The kingdoms shown to Jesus already had a single master: Caesar. Monarch of a city which had devoured the whole earth, and trampled it down, and broken it to pieces, "exceedingly terrible,"2 he swayed the fate of millions from his palace upon the hill of the Palatine in Rome. Jesus had been born, and lived, as merely one of his myriad subjects. The rule proclaimed by the "Anointed One," the "Christ," however, was not of this world. Emperors and their legions had no power to seize it. The Kingdom of Heaven was promised instead to the merciful, the meek, the poor. "Blessed are the peacemakers, for they shall be called sons of God."3 And Jesus -- even facing death -- practised what he had preached.
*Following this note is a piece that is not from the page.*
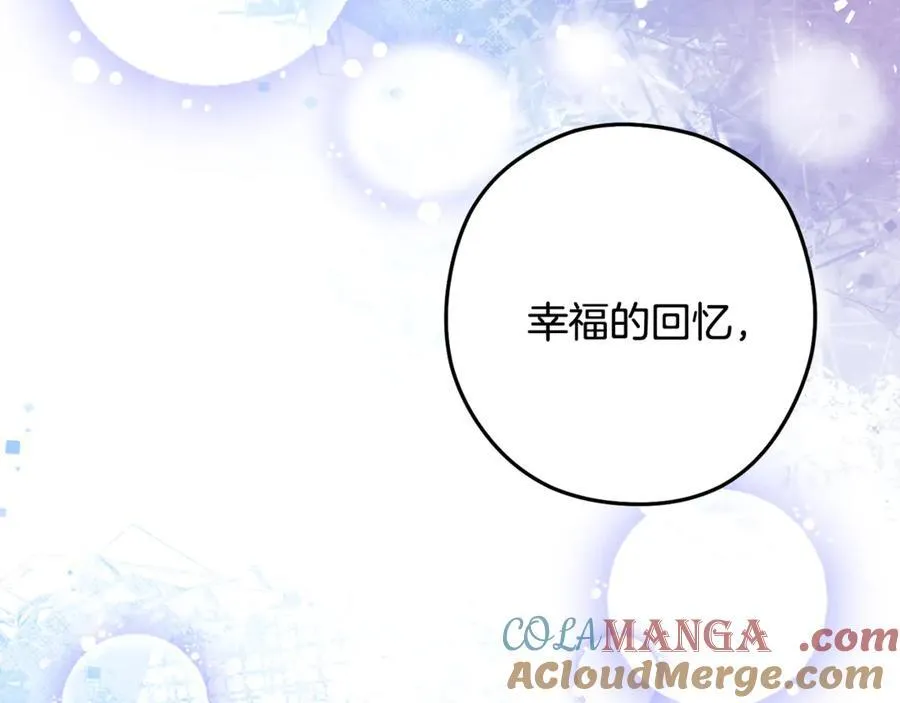 第244话 时间停止140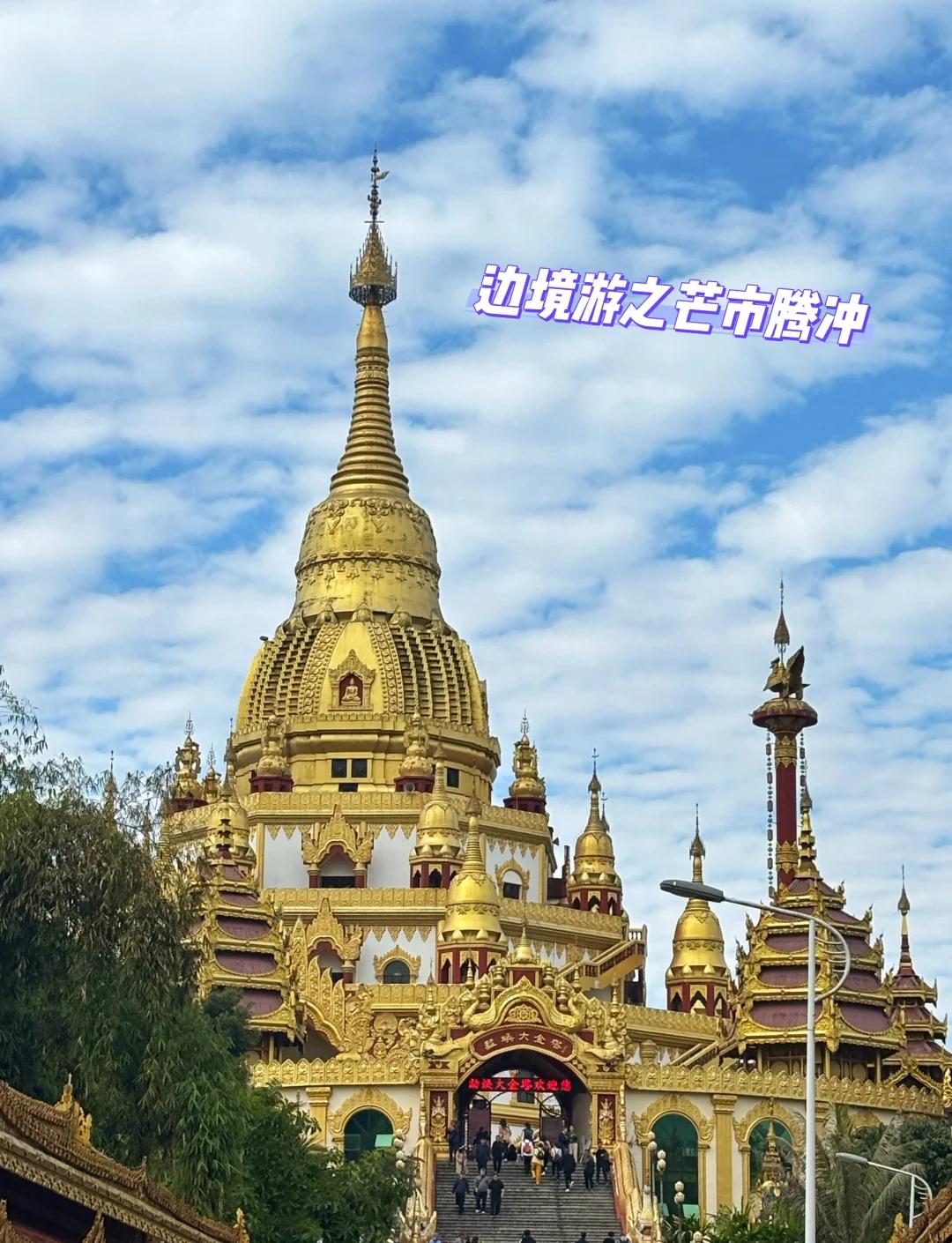 瑞丽到芒市有什么景点(瑞丽到芒市有什么景点可以玩)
When guards were sent to arrest him, his chief disciple, Peter, "the rock" upon whom it had been prophesied that the Church itself would be built, sought to defend his master; but Jesus, healing the man wounded in the ensuing scuffle, ordered Peter to put up his weapon. "For all who take the sword," he warned, "will perish by the sword."4 Dragged before a Roman governor, Jesus raised no voice of complaint as he was condemned to death as an enemy of Caesar. Roman soldiers guarded him as he hauled his cross through the streets of Jerusalem and out on to the execution ...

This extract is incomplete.